- Directed by: Robert F. McGowan
- Written by: Carl Harbaugh Hal Roach H. M. Walker Hal Yates
- Produced by: F. Richard Jones Hal Roach
- Starring: George McFarland Matthew Beard Jerry Tucker Tommy Bond Emerson Treacy Gay Seabrook Franklin Pangborn Stan Laurel Oliver Hardy
- Cinematography: Francis Corby
- Edited by: William H. Terhune
- Music by: Marvin Hatley Leroy Shield
- Distributed by: Metro-Goldwyn-Mayer
- Release date: October 28, 1933;
- Running time: 18' 14"
- Country: United States
- Language: English

= Wild Poses =

Wild Poses is short subject in the Our Gang (The Little Rascals) series.
It was produced and directed by Robert F. McGowan for Hal Roach Studios and first released on October 28, 1933 by Metro-Goldwyn-Mayer. It was the 125th Our Gang short to be released.

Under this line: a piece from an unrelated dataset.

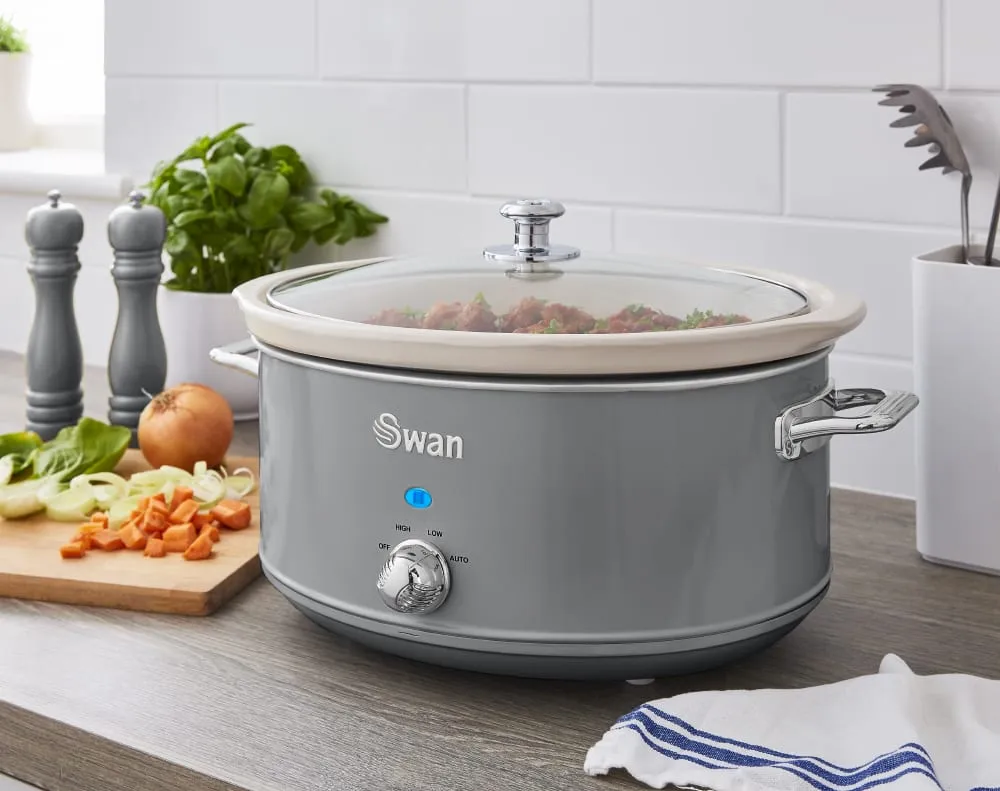 Swan 6.5L Slow Cooker Retro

A sequel to the previous Our Gang short, Bedtime Worries, Wild Poses features a brief cameo by Laurel & Hardy.

== Plot ==
Otto Phocus (Franklin Pangborn) is a haughty photographer hellbent on taking a formal portrait of a terrified Spanky (George McFarland). The little guy has been told by the gang that Phocus plans to "shoot" him; thinking the camera is a cannon. This leads Spanky to avoid having his picture taken, and his habit of punching Phocus in the face with regularity.

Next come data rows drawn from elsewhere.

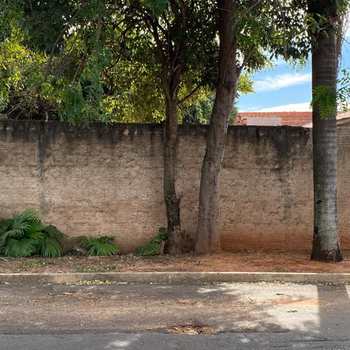 Terreno em Agudos, bairro Jardim Santa Cândida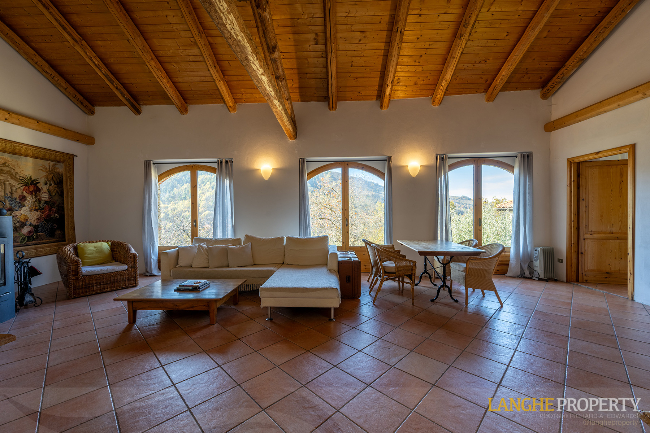 Piedmont Langhe stone farmhouse for sale in wine area, Italy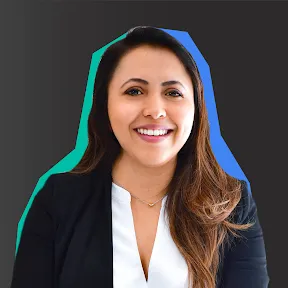 Cristina De La Peña smiling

Phocus serves as Spanky's foil in other ways as well. He tries to get Spanky to pose with an exaggerated sweet smile on his face; when Spanky sees Phocus' ridiculous grimace he turns to his Dad (Emerson Treacy) and says, "Hey Pop, do you see what I see?" Later, when Spanky's friends have filled the rubber shutter bulb with water, and Phocus squeezes it, squirting Spanky's Dad with water, his Mom (Gay Seabrook) tells Spanky, "That's how they take watercolor pictures."
Finally, after having successfully taken Spanky's picture, Phocus discovers the gang exposed his photographic plates, rendering "all my lovely work for nothing!". Spanky responds to the photographers request for "one more bust" with a punch in the nose before his family leaves the studio in disgust.

==Cast==

===The Gang===
- George McFarland as Spanky
- Matthew Beard as Stymie
- Tommy Bond as Tommy
- Jerry Tucker as Jerry
- Georgie Billings as Darby

===Additional cast===
- Gay Seabrook as Gay, Spanky's mother
- Emerson Treacy as Emerson, Spanky's father
- Franklin Pangborn as Otto Phocus, the portrait photographer
- Georgie Billings as Georgie
- Stan Laurel and Oliver Hardy as Babies
- George Stevens, Jr. as Role unknown (scenes deleted)

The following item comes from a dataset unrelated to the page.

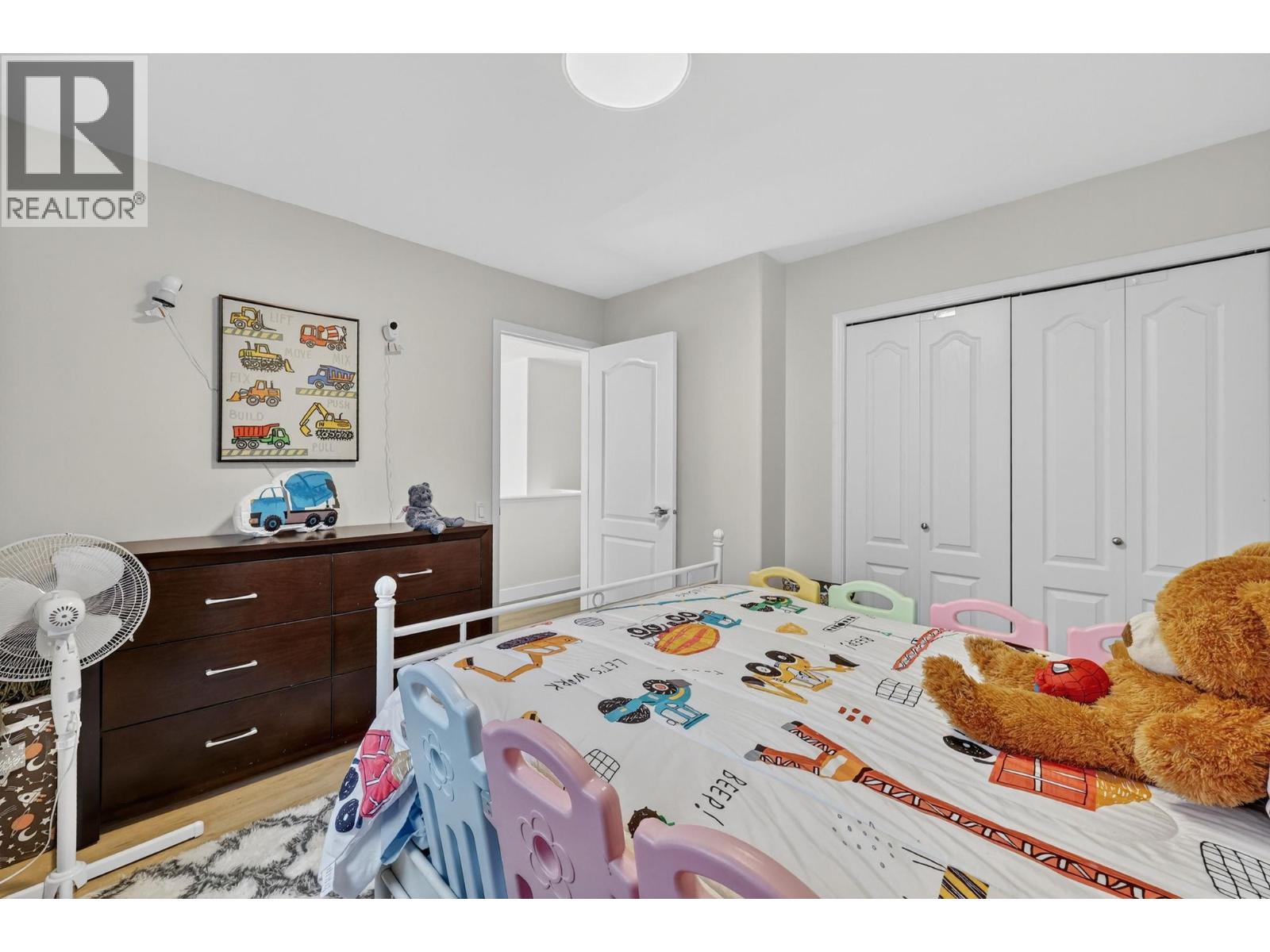  667 South Crest Drive, Kelowna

== Laurel and Hardy cameo ==
At the beginning of the film, a salesman is seen soliciting Otto Phocus' services throughout a residential neighborhood. At one home, he tells a housewife that she has "two of the most photogenic children" he has ever seen.

The camera cuts to reveal the woman's two children, portrayed in a brief cameo by Laurel and Hardy, dressed in baby clothes and using giant sets from their short Brats (1930). Laurel and Hardy briefly fight over a baby bottle, until Laurel eye-pokes Hardy and emerges victorious as the scene transitions to set the main plot in motion.

==Notes==
Wild Poses was the last Our Gang short directed by Robert McGowan until 1936's Divot Diggers. The entire film employs background music again, now a mix of Leroy Shield recordings and other studio recordings. The film was done with a feel of a sitcom and focuses again around Spanky. The rest of gang, now only three children (Georgie Billings plays a kid Darby who is with his mom and not part of the gang) basically is in the background throughout the episode, though unlike Bedtime Worries, they do not appear to be homeless.